Du discours virulent de Giffey à la vérification des lieux : ce que Berlin peut apprendre de Varsovie

Comment Berlin se compare-t-elle à Varsovie ? Pourquoi le sénateur Giffey, chargé des affaires économiques, s’énerve-t-il lorsqu’on fait des comparaisons ? Entretien avec la docteure Ewa Łabno-Falęcka.
Ewa Łabno-Falęcka travaille chez Mercedes-Benz en Pologne depuis plus de 25 ans, où elle a occupé diverses fonctions. Elle est actuellement consultante indépendante pour l'équipe de gestion de projets de l'entreprise à Jawor, en Basse-Silésie. En octobre, cette experte en affaires a animé une table ronde à Varsovie dans le cadre du congrès commémoratif des « 30 ans de la Chambre de commerce et d'industrie germano-polonaise », auquel assistait également Franziska Giffey, sénatrice berlinoise chargée des affaires économiques. Interrogée par Łabno-Falęcka sur les faiblesses de Berlin, la députée du SPD a pris la parole pour défendre la ville. L'échange a fait le tour du web. Łabno-Falęcka souhaitait simplement savoir comment se portait l'image de Berlin. Elle a cité un article du quotidien « Die Welt », selon lequel une étude montrait que Berlin était moins performante que les autres Länder allemands. Rétrospectivement, Łabno-Falęcka parle du discours émouvant de Giffey et partage son point de vue sur les villes de Berlin et de Varsovie.

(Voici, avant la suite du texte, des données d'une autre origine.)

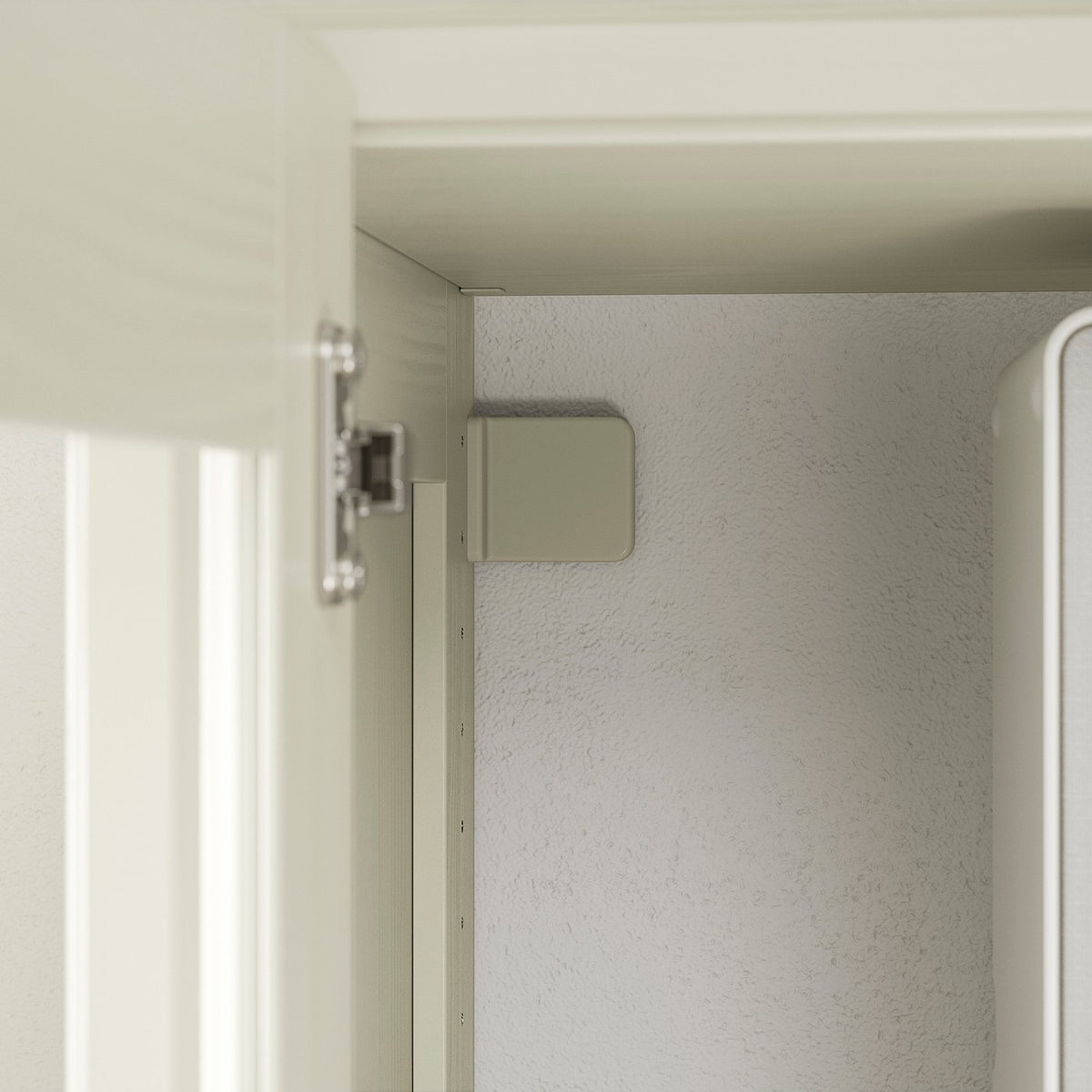 GULDDRAGARE side panel, left + right beige, 35x216 cm, 2 pack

Madame Łabno-Falęcka, vous avez animé le débat avec Franziska Giffey. Avez-vous été surprise par le ton incisif de son intervention ?

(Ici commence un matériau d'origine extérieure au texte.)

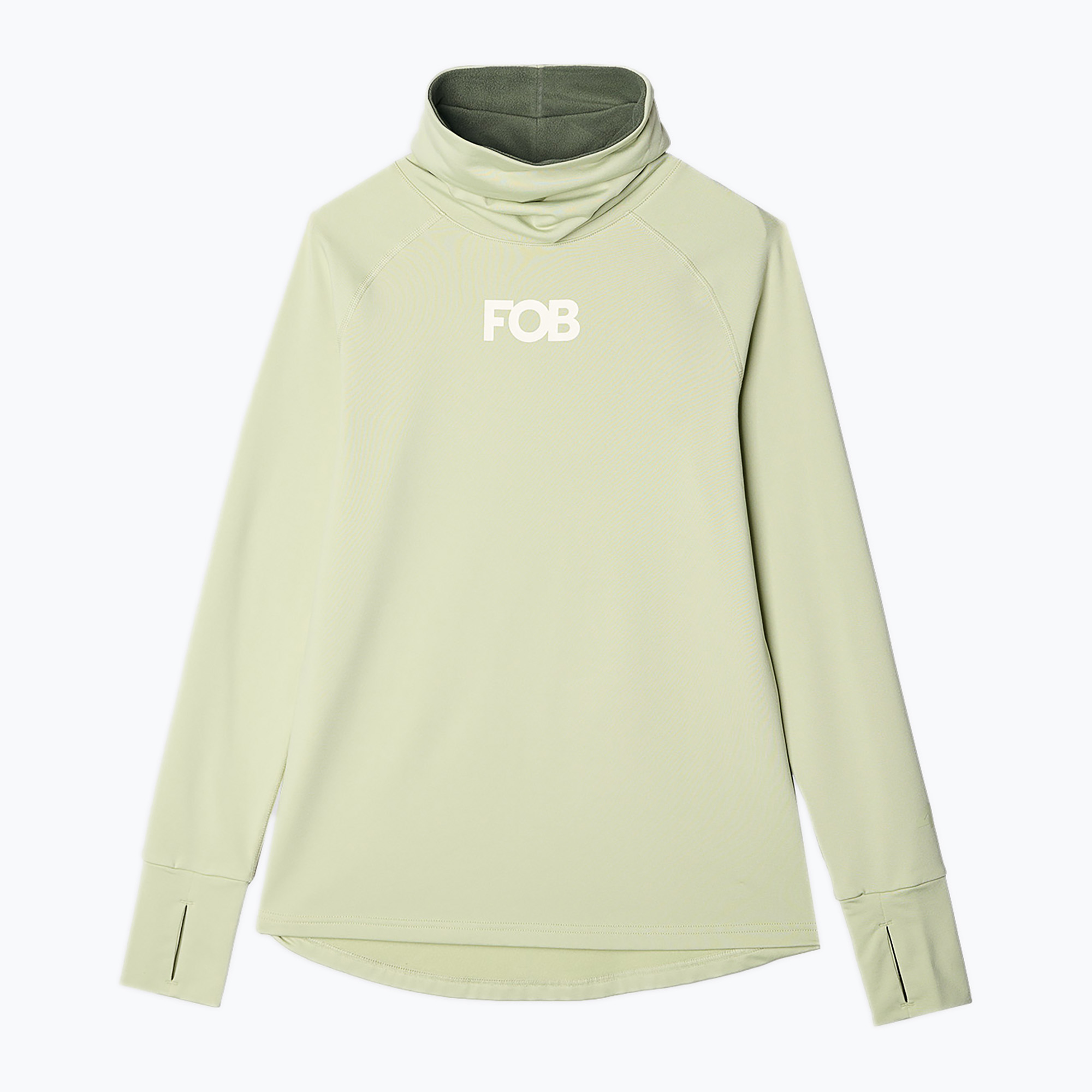 Felpa termica da donna 4F F073 oliva (S) (F073 4FWAW24UBRUF073)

Le ton n'était peut-être pas dur, mais il était extrêmement passionné. La discussion portait sur la comparaison des marques polonaises et allemandes. Les villes sont, après tout, aussi des « marques », et je voulais savoir quelle est l'image de Berlin aujourd'hui. Depuis trente ans, Berlin est considérée comme « branchée » en Pologne. Lors de l'événement, j'ai cité un classement des villes allemandes. La discussion a également abordé la qualité de vie dans différentes métropoles européennes, où Copenhague et Zurich figurent régulièrement en tête de liste depuis des années. De mon point de vue, j'ai souligné comment Varsovie a considérablement rattrapé son retard ces dernières années, même par rapport à Berlin, une ville que beaucoup de Polonais connaissent très bien. J'ai fait remarquer que beaucoup de Polonais aiment Berlin, moi y compris, mais s'interrogent en même temps sur ce qui se passe dans cette ville. « Berlin est devenue arrogante, chaotique et dysfonctionnelle », écrivait Die Welt. La réaction de la sénatrice fut inhabituelle : elle leva les bras, se leva de sa chaise et prononça un discours très émouvant devant l'auditoire, défendant Berlin avec force et, pour beaucoup, de manière convaincante, notamment comme une ville démocratique où les droits des femmes sont respectés.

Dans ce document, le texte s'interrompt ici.